Fifth and final blog post in our series on the five Honorary Members featured in our exhibition 'Prodigies of learning: Academy women in the nineteenth century'.

Mary Somerville (1780-1872) was a talented science writer and polymath with an extraordinary, mostly self-taught, knowledge of mathematics. In an era when most women lacked access to formal education, she influenced the way we think about science and created a space for herself in the intellectual world of the nineteenth century.
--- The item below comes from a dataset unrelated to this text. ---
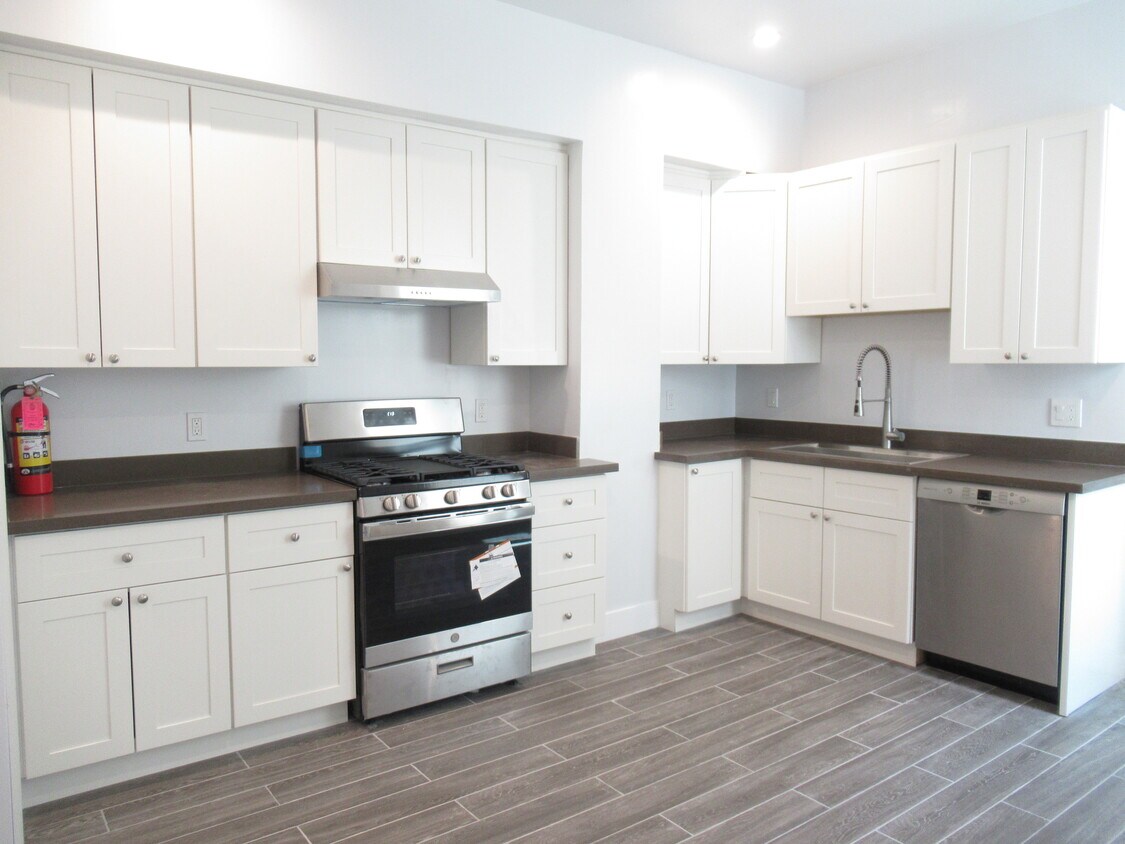 Foto principal - 320 2nd Ave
She was born on 26 December 1780 in Jedburgh, Scotland, the fifth of seven children of Captain, later Vice-Admiral, Sir William George Fairfax and his second wife Margaret Charters. Her childhood was spent in Burntisland, a seaport town across the Firth of Forth from Edinburgh where she was allowed to run wild for the first ten years of her life.

Self-portrait of Mary Somerville, c.1820. A skilled painter who once studied with artist Alexander Nasmyth, she portrays herself seated with quill and paper in hand.

Education and emerging scientific interests

Returning from one of his long sea voyages her father, disappointed to find her unable to write and barely able to read, sent her to Miss Primrose’s Boarding School for Girls in Musselburgh, which she hated. Although she recalled emerging from her time there ‘like a wild animal escaped out of a cage’, she had improved her reading and learned some simple arithmetic, grammar and French. The twelve months she endured there was the only formal education of her very long life.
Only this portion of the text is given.